Mar 30, 2013 22:14
this is post number 552357243 about how guilty i feel for abandoning lj.
but people are gone and empty lj makes me miss what once have been. but. i really need to try and make post a day starting tomorrow/monday. there are some oldschool people on tumblr who share my sentiment about lj, sigh. we're old.
though i do feel good making gender/queer/fandom/social justice posts on tumblr. i have audience (more than 800 people and i still don't know how.
you'd be surprised how my views, priorities and ideologies have changed since the last time i was more active here. during the time when i got into glee and, following that, tumblr, i've learned so much. tumblr taught me so much and it's a scary thought to have - that without it i'd be as ignorant as i was. but on tumblr? you follow people and their posts and they reblog things and you see them. you get engaged.
social justice, gender as spectrum, sexuality as spectrum, feminism, rape culture, culture appropriation, racism, bdsm & D/s, lgbtq* & queer culture. you don't really see this stuff around unless you look for it. and how can you know what to look for if you aren't aware of its existence? on tumblr, you have a chance to see whether you want or not and that's awesome.

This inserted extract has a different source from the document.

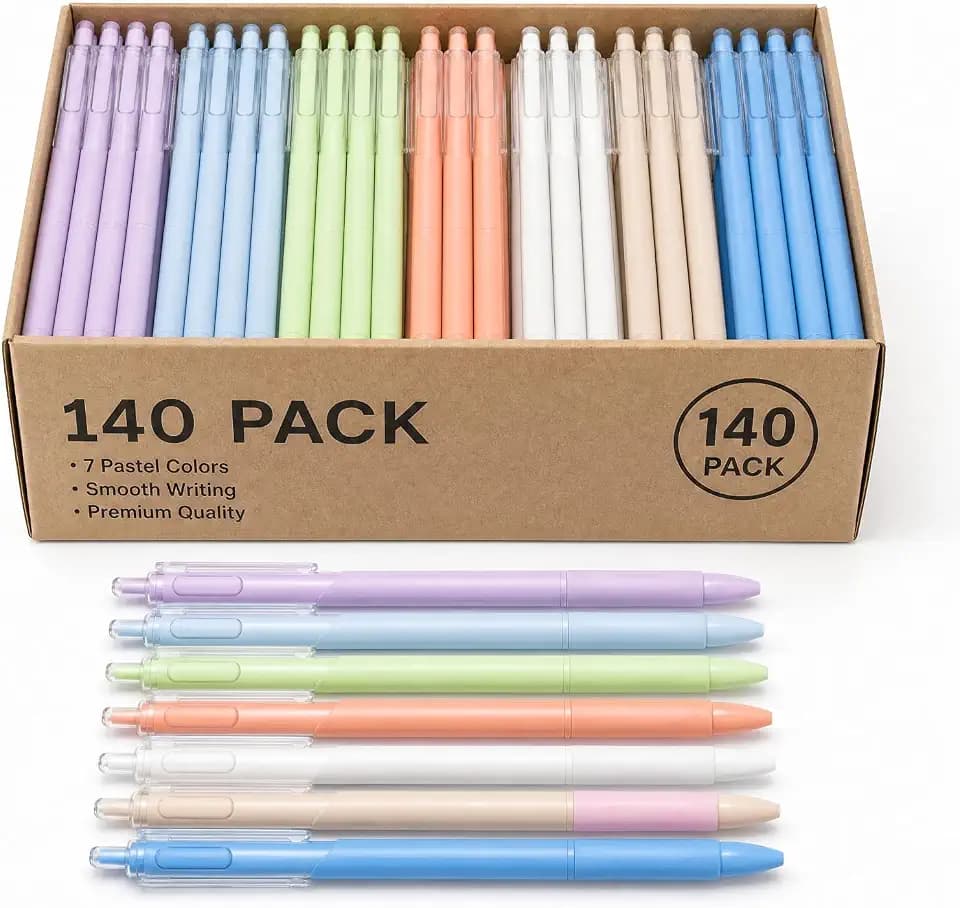 140 Pack Retractable Black Gel pens bulk bulk pens Smooth Writing Click Pens with Comfort Grip for Teachers Students Servers School hospital & Office Use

it's no joke when i say that nothing educated me on important values as much as tumblr did (and, if i may say, i have an awesome taste when picking people to follow).
but still, i miss old times a whole lot. one day, i'll start to look ahead of me, instead of staring at what's behind.
but this kurt-centric fanfic where he had DID and was just gone. the feel of passing time - never being able to deal with it.